A Audiogest, entidade que representa produtores de música em Portugal, manifestou a sua firme oposição à terceira versão do Código de Conduta relativo à Inteligência Artificial de Uso Geral (IAUG), apresentado no contexto do novo Regulamento de IA da União Europeia. A associação junta-se assim à coligação europeia de autores, intérpretes e titulares de direitos que consideram que o documento compromete os princípios essenciais da legislação comunitária.
Segundo a Audiogest, esta nova versão do Código enfraquece as obrigações impostas aos fornecedores de IA, ao permitir apenas “esforços razoáveis” no cumprimento das normas de direitos de autor, sem garantir mecanismos claros de verificação e responsabilização. Para além disso, elimina a obrigação de transparência sobre os conteúdos usados para treinar modelos de IA, o que inviabiliza a ação dos titulares de direitos perante utilizações abusivas.
Miguel Carretas, diretor geral da Audiogest, afirma que “o regulamento de IA da UE foi criado para equilibrar a inovação com a proteção dos criadores, mas este Código de Conduta mina esses objetivos, deixando os artistas vulneráveis ao uso indevido das suas obras”. A associação denuncia ainda que os contributos apresentados pelas indústrias criativas para corrigir falhas do texto foram amplamente ignorados.
A questão tem sido acompanhada também pelo Governo português. Alberto Santos, Secretário de Estado da Cultura, evocou o tema durante a entrega do Prémio Carreira a José Cid nos Play – Prémios da Música Portuguesa, ao afirmar que “o génio da criatividade humana é inimitável e jamais poderá ser reduzido ao vazio de um algoritmo”, numa referência direta ao impacto da IA nas artes.
Setores criativos europeus contestam Código de IA
A Audiogest juntou-se a outras associações europeias no apelo à Comissão Europeia para que rejeite esta versão do Código e reforce a proteção dos direitos de autor, garantindo transparência, justa remuneração e respeito pelo trabalho dos criadores. Para a associação portuguesa, a regulação da IA deve ser uma oportunidade para proteger o valor da criatividade humana e não uma ameaça aos pilares das indústrias culturais.
A principal crítica da coligação de autores, intérpretes e titulares de direitos de toda a Europa., dirige-se à introdução de expressões vagas como “esforços razoáveis” por parte dos fornecedores de IAUG para cumprimento da legislação de direitos de autor, em vez de obrigações concretas e verificáveis. A coligação considera que este tipo de linguagem dilui a responsabilidade dos fornecedores e desvirtua o princípio da autorização prévia, pilar do direito de autor europeu.

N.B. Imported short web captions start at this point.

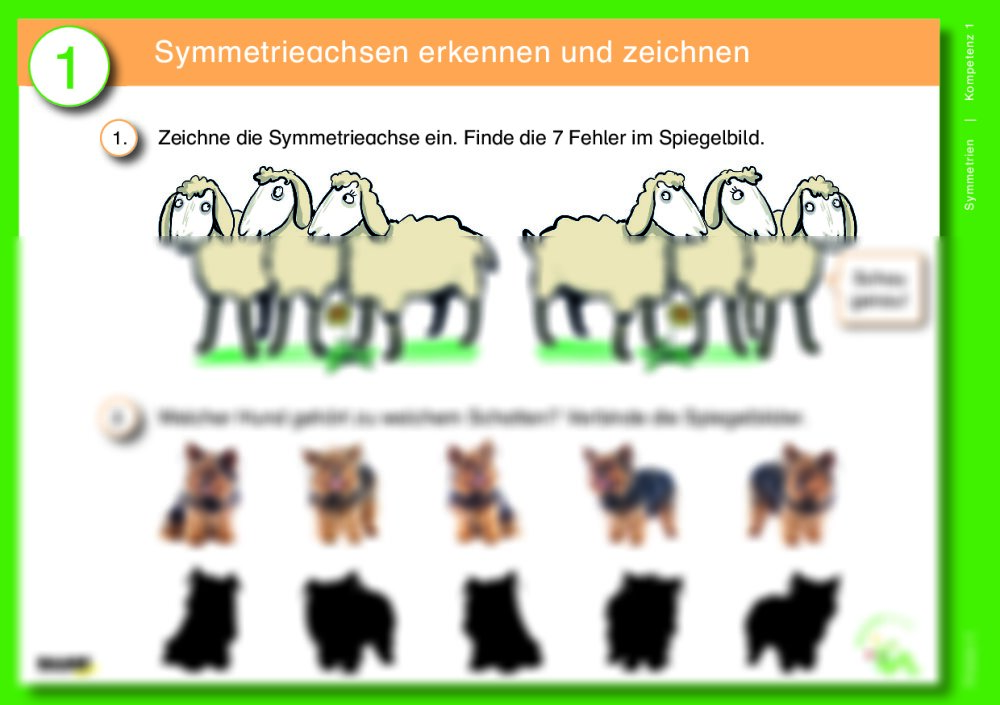 Differenzierte Übungskartei: Symmetrien (Klasse 4) - Seite 1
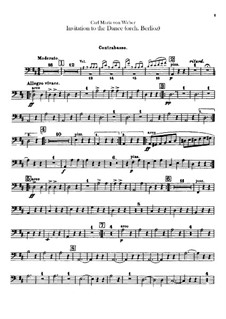 Aufforderung zum Tanze, J.260 Op.65: Für Orchester – Kontrabassstimme by Carl Maria von Weber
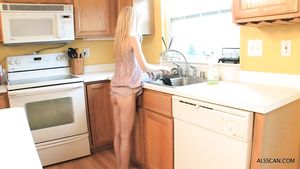 MyEx Skinny teen girl masturbates in the kitchen TubeTrooper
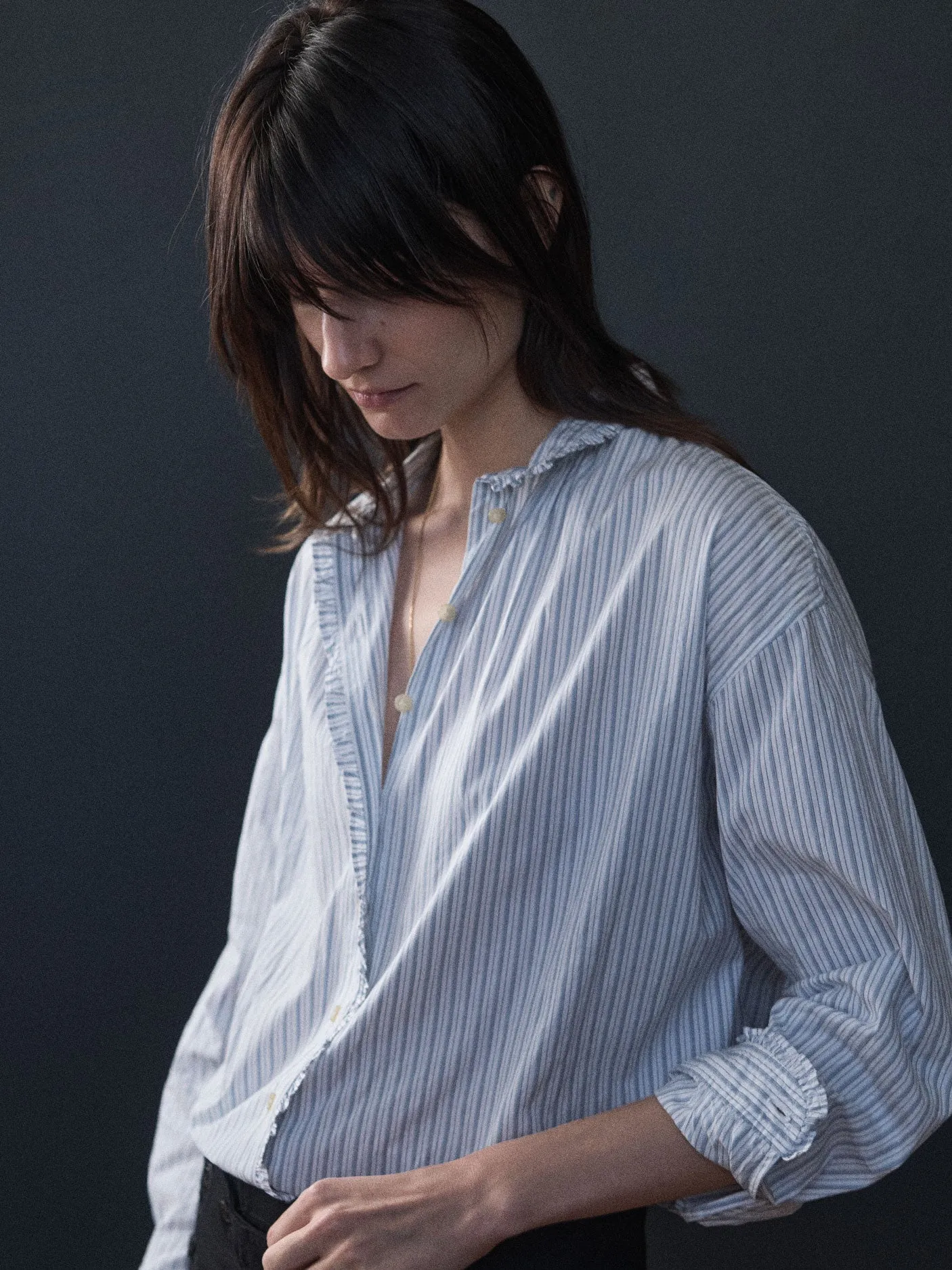 Poppy Blouse - Robin's Egg Stripe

Os autores alertam ainda para a ausência de transparência quanto aos conteúdos utilizados para treinar os modelos de IA. A nova versão elimina a obrigatoriedade de divulgar se os direitos reservados foram respeitados e falha em apresentar um modelo eficaz de “resumo suficientemente detalhado”, o que impossibilita que os titulares de direitos possam exercer os seus direitos de forma prática.
Entre os pontos mais contestados está também a referência ao controlo de acesso como critério suficiente para se considerar o “acesso legítimo” a conteúdos protegidos – uma interpretação que, segundo os signatários, contradiz claramente o direito europeu. Para além disso, o mecanismo de reclamações previsto no Código é considerado ineficaz, por não incluir qualquer obrigação de resolução por parte dos fornecedores de IA.
A coligação destaca que participou de forma construtiva nas fases anteriores da redação do Código, submetendo contribuições e alertas sobre falhas estruturais. No entanto, as suas observações foram amplamente ignoradas, resultando num documento que, no entender dos signatários, compromete seriamente a proteção dos setores culturais e criativos.
Para os representantes da cultura europeia, o Código deveria garantir que os modelos de IA respeitam os princípios fundamentais da propriedade intelectual e permitir o desenvolvimento de uma IA ética, transparente e compatível com a sustentabilidade do setor criativo. A atual versão, dizem, faz exatamente o contrário e não pode, por isso, ser aprovada.